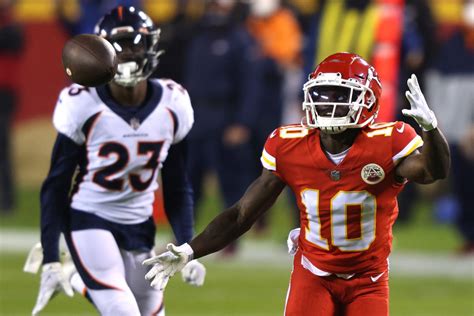 Tyreek Hill's Reaction To 'Incomplete' Catch Is Going Viral - The Spun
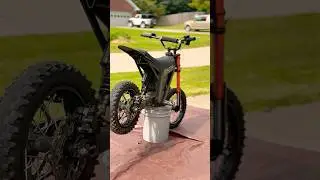 Black paint🔥 #tuttio #automobile #electricbike #electricdirtbike #ebike #dirtbike #viral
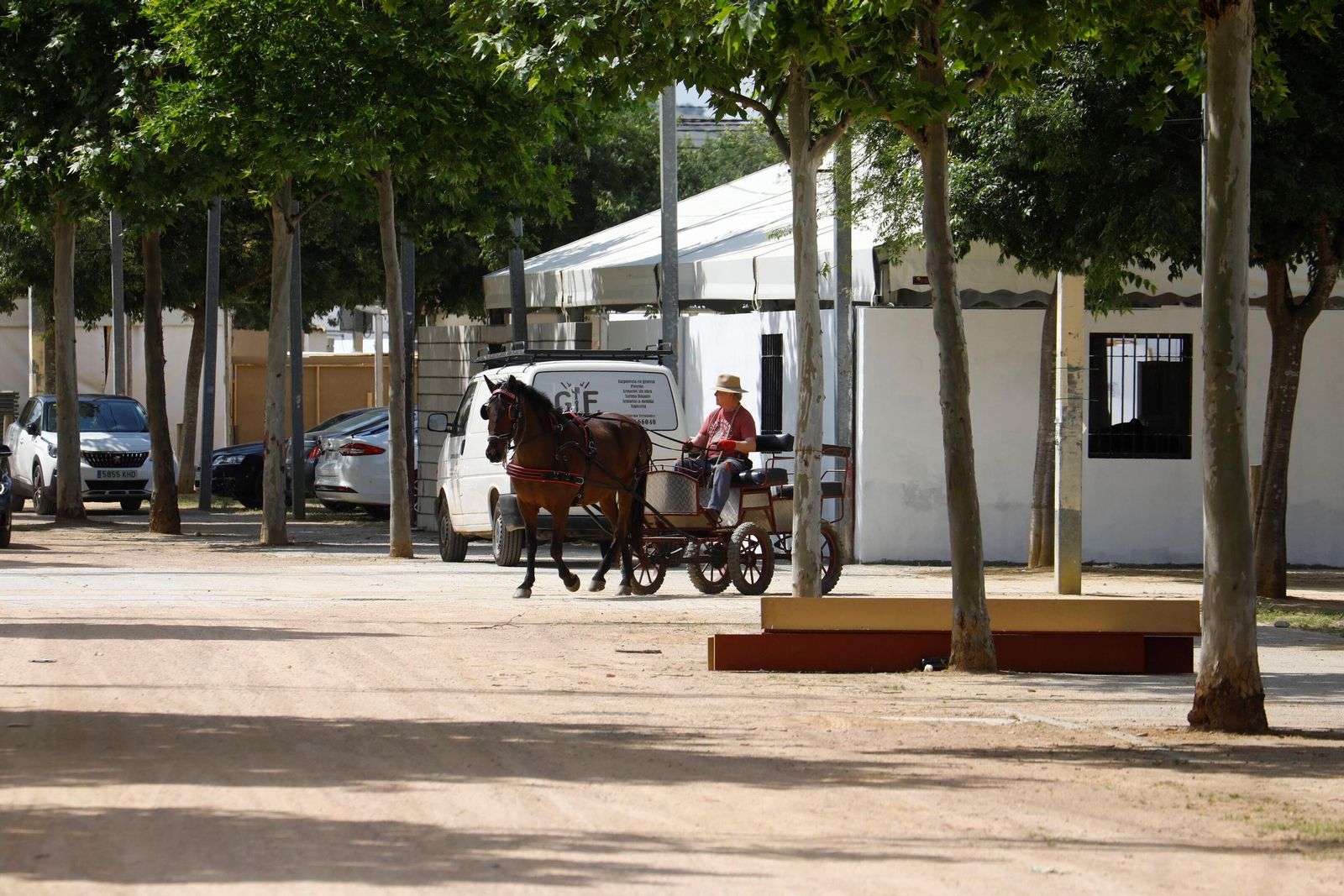 Los preparativos de las casetas de la Feria de Córdoba, en imágenes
* * * * *
*What is expected*. Strip out the pictures and repeat the listing above exactly.

*Solution to this problem*.
 Tyreek Hill's Reaction To 'Incomplete' Catch Is Going Viral - The Spun
 Black paint🔥 #tuttio #automobile #electricbike #electricdirtbike #ebike #dirtbike #viral
 Los preparativos de las casetas de la Feria de Córdoba, en imágenes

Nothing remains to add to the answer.